Quoting Eric Asimov in one of his famous articles published on The New York Times: “Of Barbera and Dolcetto, it’s always seemed to me that Dolcetto was the less appreciated. For better or worse, Barbera producers have taken their stabs at transformation, trying to make age-worthy wines reared in oak barrels, and charging prices that reflect their ambitions. Some have succeeded admirably, though I generally prefer the simpler versions for their vivacity and clarity. But Dolcetto — thankfully, perhaps — has not been favored with similar efforts at improvement. Instead, it is almost always free of the blemishing of new oak flavors.
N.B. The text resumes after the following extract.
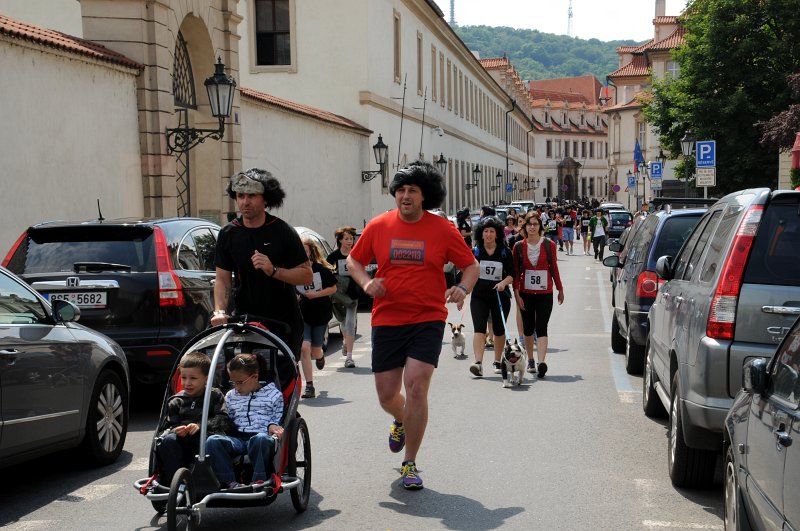 DSC_3527_1.jpg - Paráda, na Klárově stíhám druhou půlku běžců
Left to its own devices, Dolcetto offers what naturally makes it so winning: an object lesson in the very Italian push-pull of blending bitter and sweet flavors, along with an earthiness and a rounded, lightly tannic texture”. Enough said!
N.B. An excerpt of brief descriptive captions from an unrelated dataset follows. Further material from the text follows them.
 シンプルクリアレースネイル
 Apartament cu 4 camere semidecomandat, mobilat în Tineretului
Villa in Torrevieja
Stroppiana decided to produce two different Barberas: the tank version made its debut recently in 2015 (only 300 cases produces) as an expression of a fresher and fruit forward style. On the other hand the Barbera d’Alba Superiore Altea, named after the couple’s daughter, carries more layers of structure and complexity due to the barrel ageing and is released later during the year compared to the one raised in steel vats.
Quoting Dario “I like approachable wines to be enjoyed with lively pleasure, possibly shared with your beloved ones in every occasion and beefy, super extracted Barberas are not part of my wine culture”. Linking Eric Asimov’s quote with the one from Dario, it is almost a natural consequence that the Stroppianas never embraced the Barbera’s new wave emerged in the late 90’s marked by the distorted use of the new oak as a modern interpretation to please certain palates.
Barbera is always been a popular wine in Piemonte, a classic hosteria style pleasure just perfect to match local food. The Barbera del Monferrato is the most drinkable, with a pronounced acidity and cherry highlights, while Barbera from Alba  is more dense, dry and full of polyphenols and structure, just like the Nebbiolo, benefits from heavier soils made of clay and limestone.

Stroppiana produces 3 tiers of Barolo starting with Leonardo (named after the couple’s son) coming from the youngest vineyards (1996) in Rivalta di La Morra and Verduno. This wine is meant for midterm cellar ageing, while Barolo Bussia, Barolo Bussia Riserva and Barolo San Giacomo, are all to be considered cru areas and capable to reach their own 30 years long lifespan. The Bussia vineyard, in the commune of Monforte d’Alba in Barolo, is a very long stretched area from the town of Monforte d’Alba in the very south of the Barolo region up to somewhere in between the town of Barolo and the town of Castiglione Falletto. Because of its position and medium dimensions, the soil varies a lot depending on the proximity level and, of course, exposition. However, the soil in general consist of marl, limestone, marine fossil sediments, plenty of iron and tufa and has the potential of producing very concentrated, structured and firm wines with a lot of deep, rich aromas and with great ageing potential. The latter trait also usually requires patience. On the other hand the San Giacomo Barolo’s expression is a bit more frutier and accessible compared to the Bussia’s wines. The town of La Morra, which overlooks a succession of gently rolling, vine covered hills is extremely pretty, and as you leave the town, one of the roads that descends through these hills, in a setting characterized by beautiful colors and scents, leads to the hamlet of Rivalta. Dario is working hard to make his single vineyard San Giacomo famous too: it usually opens with a whirl of intriguing scents, a combination of red fruits and flowers, notes of bark and sweet tobacco. Full and firm on the palate, with evident tannins, it opens and closes with an enveloping sensation of ripe fruit. Full-bodied, its freshness and savouriness flow through its lingering persistency. Dario, when asked about his technique, states that he has a soft touch in the cellar and listen to the wine’s soul speaking to him. An extreme personal view that requires attention and enthusiastic approach during all the ageing stages. No prefix recipe, just artisanal flexibility.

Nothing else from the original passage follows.